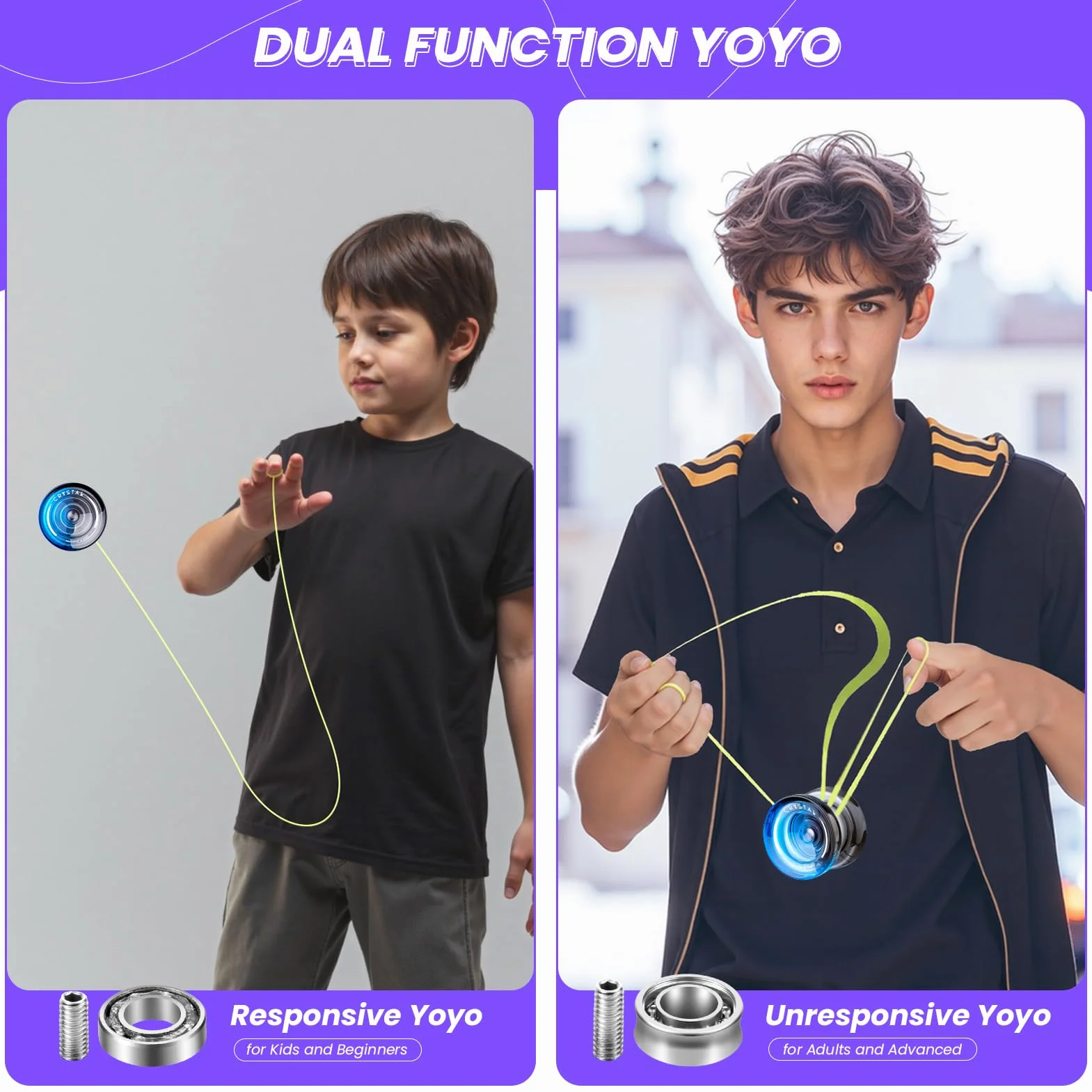 MAGICYOYO Responsywny Yoyo dla dzieci K2 Crystal Black Blue, 2 w 1 - responsywny i nie reaguje Yo Yo, Finger Spin Trick Yoyo z niereagującym łożyskiem, 12 strun, torba jo-jo, narzędzie i akcesoria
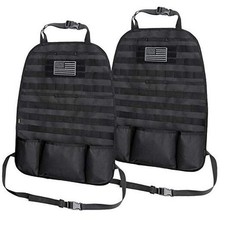 Car Seat Back Organizer, Tactical Molle Vehicle Panel Black - 2 packs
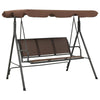 Outdoor Patio Swing Bench | Brown Powder-Coated Steel | Brown | 70"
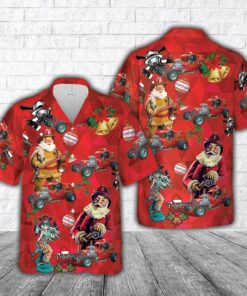 1923 Ford C-Cab Engine No. 13 Fire Truck Christmas Hawaiian Shirt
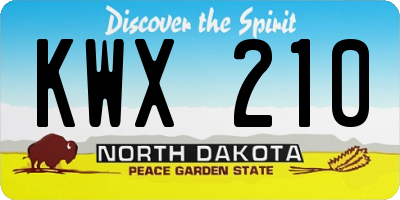ND license plate KWX210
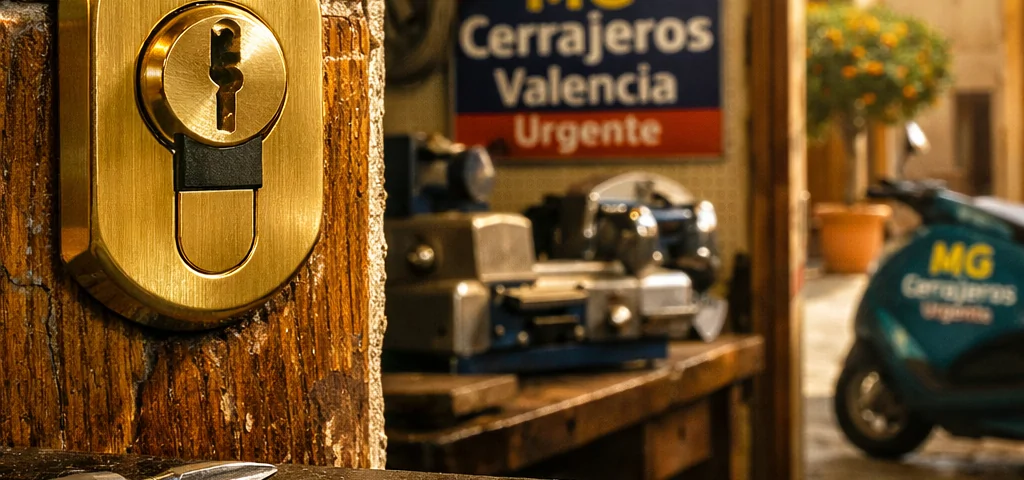 Cilindro de bronce en puerta de madera valenciana, taller organizado y calle soleada; Cuales son los mejores servicios de cambio de cerraduras en Valencia.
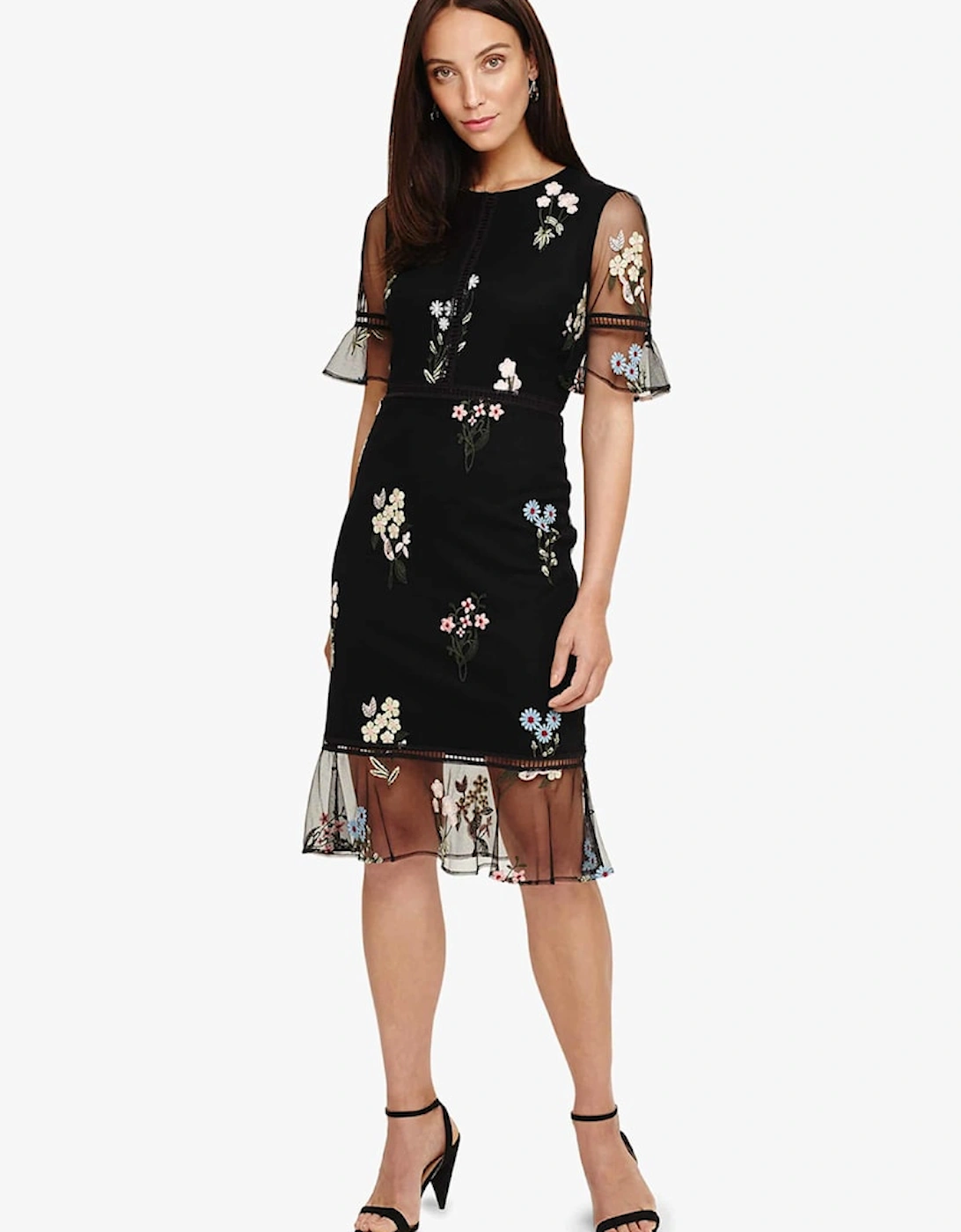 Ditsy Embroidered Dress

» WHAT IS BEING ASKED:
Repeat each entry above word for word, leaving every picture out.

» RESULT:
 MAGICYOYO Responsywny Yoyo dla dzieci K2 Crystal Black Blue, 2 w 1 - responsywny i nie reaguje Yo Yo, Finger Spin Trick Yoyo z niereagującym łożyskiem, 12 strun, torba jo-jo, narzędzie i akcesoria
 Car Seat Back Organizer, Tactical Molle Vehicle Panel Black - 2 packs
 Outdoor Patio Swing Bench | Brown Powder-Coated Steel | Brown | 70"
 1923 Ford C-Cab Engine No. 13 Fire Truck Christmas Hawaiian Shirt
ND license plate KWX210
 Cilindro de bronce en puerta de madera valenciana, taller organizado y calle soleada; Cuales son los mejores servicios de cambio de cerraduras en Valencia.
 Ditsy Embroidered Dress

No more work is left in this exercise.